La vicenda ha il suo inizio nel 2011, quando i musulmani della zona acquisiscono un locale che deve diventare la sede del loro sodalizio culturale e sociale e effetuano alcuni lavori di adeguamento igienico dei locali.
Il fabbricato, situato in via Crema venne riqualificato insieme ad un area che era in totale abbandono e con il sostegno di Qatar Charity che contribuì con una somma di 150 mila euro (su oltre 220 mila di spesa) fu inaugurata nel maggio 2016 con la partecipazione di molte autorità.
Purtroppo nella polemica islamofoba che agita una parte della politica italiana questo fatto pubblico scatenò la reazione dell’amministrazione comunale che presentò denuncia per “abuso edilizio”. In buona sostanza, sostenevano i legali del Comune, i lavori erano si stati autorizzati ma non il cambio di destinazione d’uso e quindi si sarebbe configurato quell’abuso che aveva anche conseguenze penali.
Inoltre, dal punto di vista amministrativo, s’ingiungeva all’associazione il ripristino della destinazione d’uso prevista nel locale PGT (Piano governo del territorio).
Fu investito il TAR della Lombardia che confermò la validità dell’atto amministrativo del Comune ma poi il Consiglio di Stato decise altrimenti e l’ordinanza fu annullata.

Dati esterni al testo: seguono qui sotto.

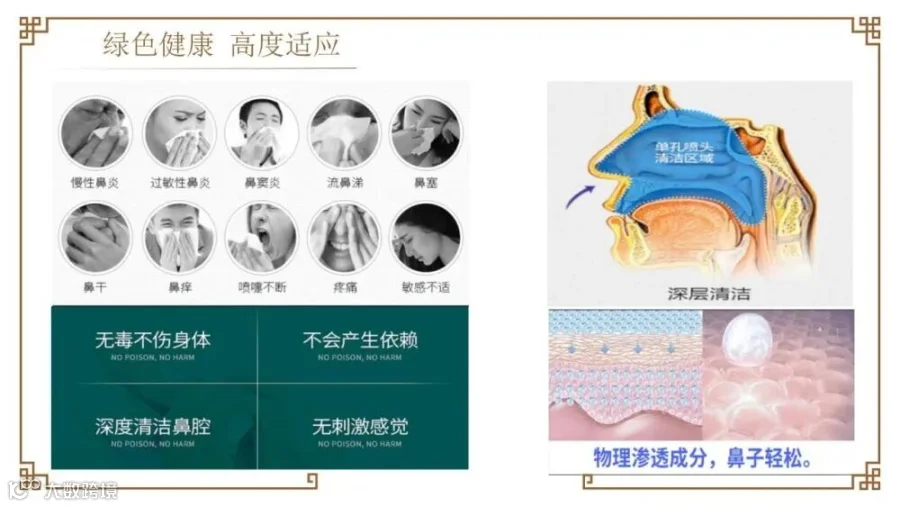 微信图片_20200528105955.jpg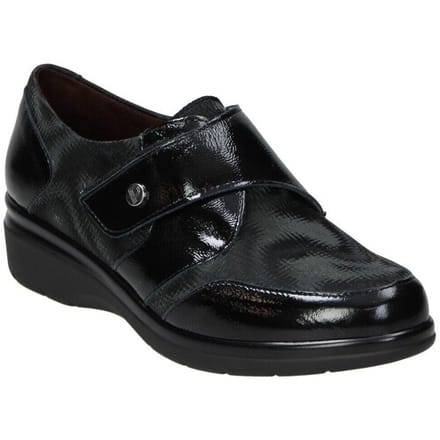 Pumps Pitillos 114587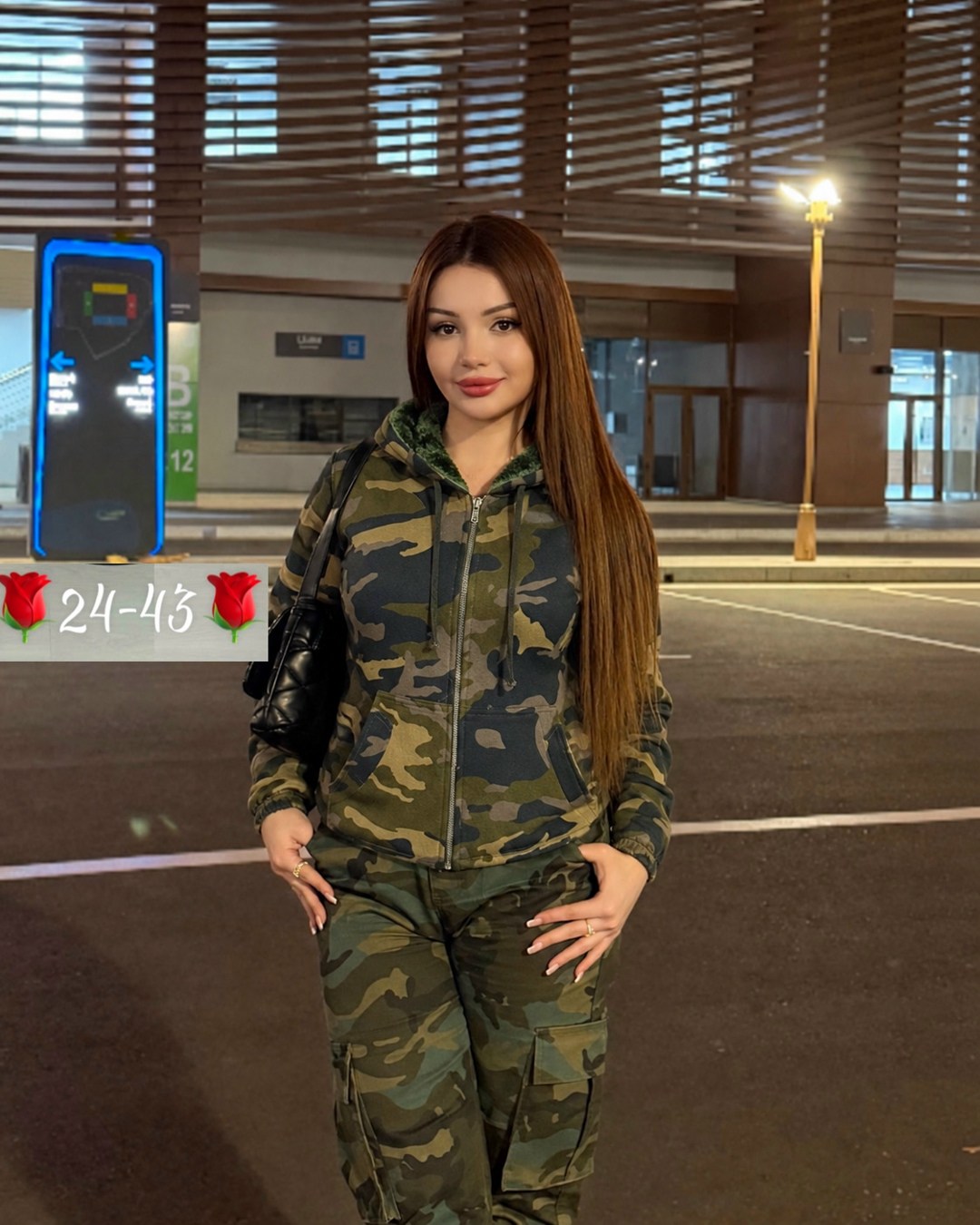 камуфляжный костюм женский,костюм женский,камуфляжные костюмы,женский костюм на флисе,костюм на флисе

Il Consiglio di Stato, confermando altri simili pronunciamenti, sentenziò che l’attività culturale e sociale era legittima manon il culto regolare che quindi abbisognerebbe di una destinazione d’uso ad hoc.
Rimaneva sulla sfondo la questione penale che è stata dibattuta davanti al tribunale di Lodi.
Nei giorni scorsi la tesi sostenuta dall’avv. Luca Bauccio che non vi era alcuna prova che indicasse l’utilizzo esclusivo della struttura come luogo di culto o preghiera è stata accettata dalla corte che ha mandato assolto il presidente dell’associazione Abdellatif Ghenji.
“La struttura – ha sostenuto il legale- era destinata ad essere la sede di un’associazione legalmente riconosciuta dove svolgere diverse attività sociali e culturali, tra cui , ma non solo, la preghiera. «Un luogo di culto è caratterizzato dalla presenza di un altare o di un minareto – ha detto – e soprattutto dall’uso esclusivo. Negli atti del processo vedo una relazione della Digos che racconta come si siano radunate 500 persone il giorno della fine del Ramadan. Ma si erano radunate al centro tennis, e con l’autorizzazione del sindaco: forse che per questo il centro tennis è diventato anch’esso una moschea?».